The idea developed in most cultures that a person is punished for his misdeed in the same way that he committed the misdeed. Slap someone and you will be slapped. Insult another and you will be insulted. In English, the notion is called “tit for tat.” In Hebrew it is midah keneged midah, “measure for measure.” It is discussed in the Babylonian Talmud Sotah 8b, 9a; Megilah 12b; and Sanhedrin 90a, b, and 100a, b. Many call the notion superstition: it rarely happens, and when it does it is simply happenstance. Some insist that the punishment is inflicted by God. Others that it is part of nature. People can cite many examples of it, such as the life and death of the Russian Alexander Sergeyevich Pushkin (1799 –1837). Who was Pushkin, what did he do wrong, and how did he die?

Pushkin was a highly respected, poet, playwright, and novelist who lived during the Romantic Era. Many, even today, consider him the greatest Russian poet and call him the founder of modern Russian literature. His great-grandfather Ibrahim Gannibal (1696-1781) was kidnapped as a child from Africa and was raised by Peter the Great. Ibrahim became the godson of Peter the Great and was made a Russian prince. He was considered Europe’s first black intellectual and rose to be a general in the Russian army. One who wants to read about him can read “The Stolen Prince” by Hugh Barnes.

Pushkin fictionalized Ibrahim’s life in “The Moor of Peter the Great,” in the book “Novels, Tales, Journeys” and other translations ,of the tale. The translators call this story and the other stories in “Novels, Tales, Journeys” masterpieces. “The Moor of Peter the Great” describes Peter the Great as a hands-on very intelligent leader, working to improve Russia side by side with his workmen. It pictures the very intelligent “Moor” preferring to stay in France because he had a sexual relationship with the wife of another man. But despite his strong affection for the woman, he gave way to Peter’s call to return to Russia. This short story shows the customs of the time in Russia, the backwardness of the country, illicit sexual relationships, and the prejudices against blacks.

Pushkin, like Ibrahim, enjoyed the extremes of pleasure and peril, including having sex with the wives of other men. But he could not accept that his wife loved another man, a French officer, and enjoyed being with him, even though historians could find no proof that his wife committed adultery. He was killed in a duel with the French officer because of the alleged adultery, the very crime that Pushkin committed. It was tit for tat: he committed adultery and died because of it.

Henri Troyat, who wrote a biography of Pushkin called “Pushkin,” described his writings: “He deliberately chooses the hard way. He rubs down his prose, wears it away, aerates it to the point of transparency, to the ultimate resistance of the right word. He makes of it that taut and slender thing in which no line or facet can be altered without shattering the whole.”
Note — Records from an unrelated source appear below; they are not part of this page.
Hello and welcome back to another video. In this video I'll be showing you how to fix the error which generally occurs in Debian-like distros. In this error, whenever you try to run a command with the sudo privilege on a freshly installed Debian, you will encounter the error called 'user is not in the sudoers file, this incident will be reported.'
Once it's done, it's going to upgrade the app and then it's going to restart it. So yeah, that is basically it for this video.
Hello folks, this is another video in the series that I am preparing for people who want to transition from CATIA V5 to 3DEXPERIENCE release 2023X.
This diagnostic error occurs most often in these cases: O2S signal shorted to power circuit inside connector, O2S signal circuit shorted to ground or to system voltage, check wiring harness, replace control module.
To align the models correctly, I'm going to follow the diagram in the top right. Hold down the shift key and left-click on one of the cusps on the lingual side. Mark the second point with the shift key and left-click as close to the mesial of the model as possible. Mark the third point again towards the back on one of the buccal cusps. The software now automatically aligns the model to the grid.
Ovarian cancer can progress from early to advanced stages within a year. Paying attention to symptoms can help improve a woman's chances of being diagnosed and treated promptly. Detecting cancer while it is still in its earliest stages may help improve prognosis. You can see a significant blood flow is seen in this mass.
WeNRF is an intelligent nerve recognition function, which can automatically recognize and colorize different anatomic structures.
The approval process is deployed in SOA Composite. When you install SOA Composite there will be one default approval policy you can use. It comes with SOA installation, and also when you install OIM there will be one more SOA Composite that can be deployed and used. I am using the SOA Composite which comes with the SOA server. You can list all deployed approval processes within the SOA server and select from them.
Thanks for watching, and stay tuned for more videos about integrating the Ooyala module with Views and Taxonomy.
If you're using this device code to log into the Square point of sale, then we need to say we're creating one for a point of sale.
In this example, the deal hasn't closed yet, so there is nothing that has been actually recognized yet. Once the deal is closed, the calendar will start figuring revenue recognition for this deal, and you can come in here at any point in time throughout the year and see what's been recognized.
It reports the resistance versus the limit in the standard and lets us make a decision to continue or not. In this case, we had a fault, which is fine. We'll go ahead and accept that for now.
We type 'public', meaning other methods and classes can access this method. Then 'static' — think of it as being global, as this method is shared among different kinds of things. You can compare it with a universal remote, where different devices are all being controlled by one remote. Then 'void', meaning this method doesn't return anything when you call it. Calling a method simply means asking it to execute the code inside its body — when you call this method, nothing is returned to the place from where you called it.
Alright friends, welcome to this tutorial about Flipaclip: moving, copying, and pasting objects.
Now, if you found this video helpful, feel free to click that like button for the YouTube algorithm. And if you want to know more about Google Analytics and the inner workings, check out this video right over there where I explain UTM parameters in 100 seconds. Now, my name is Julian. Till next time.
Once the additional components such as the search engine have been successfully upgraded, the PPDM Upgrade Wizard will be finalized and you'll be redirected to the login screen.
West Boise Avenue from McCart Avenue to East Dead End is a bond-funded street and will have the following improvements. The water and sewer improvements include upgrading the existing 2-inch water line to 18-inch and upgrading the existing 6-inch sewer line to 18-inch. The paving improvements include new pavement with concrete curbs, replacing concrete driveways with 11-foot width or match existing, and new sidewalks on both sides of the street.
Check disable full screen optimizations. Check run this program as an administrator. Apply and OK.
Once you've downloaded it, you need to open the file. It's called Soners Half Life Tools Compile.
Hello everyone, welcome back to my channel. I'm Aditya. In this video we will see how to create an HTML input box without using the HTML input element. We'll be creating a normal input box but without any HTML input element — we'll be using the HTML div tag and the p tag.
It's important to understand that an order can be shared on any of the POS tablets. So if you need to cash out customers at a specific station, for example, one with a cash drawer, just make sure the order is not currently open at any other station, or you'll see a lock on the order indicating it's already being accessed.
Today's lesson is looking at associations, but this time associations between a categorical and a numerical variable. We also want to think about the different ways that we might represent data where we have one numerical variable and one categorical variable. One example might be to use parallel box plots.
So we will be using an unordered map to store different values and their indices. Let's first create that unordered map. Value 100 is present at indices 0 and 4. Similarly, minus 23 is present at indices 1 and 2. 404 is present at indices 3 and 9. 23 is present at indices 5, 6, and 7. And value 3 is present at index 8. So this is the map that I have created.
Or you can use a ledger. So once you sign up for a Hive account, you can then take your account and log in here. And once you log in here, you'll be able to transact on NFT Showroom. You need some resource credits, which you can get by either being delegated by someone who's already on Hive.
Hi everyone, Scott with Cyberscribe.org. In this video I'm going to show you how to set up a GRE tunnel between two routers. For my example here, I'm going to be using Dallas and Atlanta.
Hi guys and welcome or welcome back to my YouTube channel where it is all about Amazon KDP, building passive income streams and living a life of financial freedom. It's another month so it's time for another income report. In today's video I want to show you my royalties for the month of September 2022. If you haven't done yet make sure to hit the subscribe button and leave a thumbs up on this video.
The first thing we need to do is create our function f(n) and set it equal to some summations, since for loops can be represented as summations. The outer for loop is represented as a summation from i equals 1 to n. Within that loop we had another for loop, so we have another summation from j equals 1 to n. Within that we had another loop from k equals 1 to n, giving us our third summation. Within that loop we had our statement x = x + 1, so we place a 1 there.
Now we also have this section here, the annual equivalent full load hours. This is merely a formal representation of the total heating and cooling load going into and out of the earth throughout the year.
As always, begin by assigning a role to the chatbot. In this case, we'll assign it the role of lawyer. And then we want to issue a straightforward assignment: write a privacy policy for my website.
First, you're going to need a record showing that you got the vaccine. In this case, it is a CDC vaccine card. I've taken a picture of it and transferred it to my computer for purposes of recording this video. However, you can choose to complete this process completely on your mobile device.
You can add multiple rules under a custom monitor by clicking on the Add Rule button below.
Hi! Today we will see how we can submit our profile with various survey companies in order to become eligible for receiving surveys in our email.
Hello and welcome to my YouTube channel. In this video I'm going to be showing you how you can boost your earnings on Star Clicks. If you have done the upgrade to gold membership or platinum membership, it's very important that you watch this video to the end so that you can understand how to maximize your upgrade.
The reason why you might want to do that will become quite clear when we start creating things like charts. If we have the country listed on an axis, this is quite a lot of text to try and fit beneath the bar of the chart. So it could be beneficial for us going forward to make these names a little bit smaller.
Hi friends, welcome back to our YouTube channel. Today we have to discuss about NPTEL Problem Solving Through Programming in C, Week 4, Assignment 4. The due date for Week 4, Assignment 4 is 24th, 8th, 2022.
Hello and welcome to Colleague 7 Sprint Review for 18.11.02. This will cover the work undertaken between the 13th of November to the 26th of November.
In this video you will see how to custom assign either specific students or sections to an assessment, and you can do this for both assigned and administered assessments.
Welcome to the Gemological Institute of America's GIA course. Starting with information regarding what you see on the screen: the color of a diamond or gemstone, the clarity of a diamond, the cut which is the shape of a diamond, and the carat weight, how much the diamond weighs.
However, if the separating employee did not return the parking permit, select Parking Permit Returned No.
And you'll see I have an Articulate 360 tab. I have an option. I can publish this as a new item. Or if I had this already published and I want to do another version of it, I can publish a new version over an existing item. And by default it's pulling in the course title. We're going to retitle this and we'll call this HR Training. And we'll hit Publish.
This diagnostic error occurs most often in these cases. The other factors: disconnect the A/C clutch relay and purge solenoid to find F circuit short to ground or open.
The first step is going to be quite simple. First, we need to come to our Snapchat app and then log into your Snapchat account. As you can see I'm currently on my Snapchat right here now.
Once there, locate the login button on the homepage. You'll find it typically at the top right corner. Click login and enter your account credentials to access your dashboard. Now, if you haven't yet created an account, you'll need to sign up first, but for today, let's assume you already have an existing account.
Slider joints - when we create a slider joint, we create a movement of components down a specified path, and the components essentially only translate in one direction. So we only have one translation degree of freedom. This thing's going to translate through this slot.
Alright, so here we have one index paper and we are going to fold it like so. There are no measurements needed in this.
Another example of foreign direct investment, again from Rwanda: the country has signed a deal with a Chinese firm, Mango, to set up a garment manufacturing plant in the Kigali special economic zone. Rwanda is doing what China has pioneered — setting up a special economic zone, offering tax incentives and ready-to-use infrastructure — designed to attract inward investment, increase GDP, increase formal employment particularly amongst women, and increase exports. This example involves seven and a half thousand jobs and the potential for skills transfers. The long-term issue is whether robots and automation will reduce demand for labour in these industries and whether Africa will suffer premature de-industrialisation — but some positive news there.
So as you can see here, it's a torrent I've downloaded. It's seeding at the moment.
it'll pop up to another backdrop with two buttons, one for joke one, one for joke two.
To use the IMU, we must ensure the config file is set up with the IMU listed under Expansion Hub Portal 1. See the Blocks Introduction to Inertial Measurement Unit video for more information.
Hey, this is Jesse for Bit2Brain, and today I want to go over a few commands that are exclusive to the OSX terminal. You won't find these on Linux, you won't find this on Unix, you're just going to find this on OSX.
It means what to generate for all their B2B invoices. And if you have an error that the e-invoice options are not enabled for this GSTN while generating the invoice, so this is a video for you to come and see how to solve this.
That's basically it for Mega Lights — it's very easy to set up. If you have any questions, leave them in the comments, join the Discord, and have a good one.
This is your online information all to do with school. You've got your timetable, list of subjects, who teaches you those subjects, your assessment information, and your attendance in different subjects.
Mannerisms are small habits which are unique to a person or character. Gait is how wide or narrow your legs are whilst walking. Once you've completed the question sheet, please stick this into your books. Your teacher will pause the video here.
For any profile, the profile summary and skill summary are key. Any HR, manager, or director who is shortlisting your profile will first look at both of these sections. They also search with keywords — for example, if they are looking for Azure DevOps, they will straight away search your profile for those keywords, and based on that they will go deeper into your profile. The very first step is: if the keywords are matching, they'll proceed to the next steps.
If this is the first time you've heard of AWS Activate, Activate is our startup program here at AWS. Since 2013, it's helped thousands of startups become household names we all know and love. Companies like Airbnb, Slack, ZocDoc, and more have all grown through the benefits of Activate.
Charles Johnston, who translated Pushkin’s “Eugene Onegin,” wrote that Pushkin’s writings are “magic,” “touching lyrical beauty,” “cynical wit,” filled with “psychological insight,” “narrative skill,” “thrilling,” “gusto and swing,” and that the writings have a “compulsive grip.”

Tolstoy wrote that Pushkin’s writings inspired him to write “Anna Karenina.”

The English translation of “Novels, Tales, Journeys” is an easy read book. It reads like the works of a popular twenty-first century writer. The several stories in it are an excellent introduction to one of literature’s great writers. Beside the 28-page “The Moor of Peter the Great,” the book contains the 23-page haunting tale “The Queen of Spades,” which the translators write is one “of “Pushkin’s two most important works of fiction,” the other being his 104-page short novel “The Captain’s Daughter,” a love story in the midst of war, which the translators and others call “the most perfect book in Russian literature.” There are also five short stories with surprise endings called “The Tales of the Late Ivan Petrovich Belkin,” comprising 58 pages, which are somewhat humorous; and also eight other short stories and ten fragments and sketches.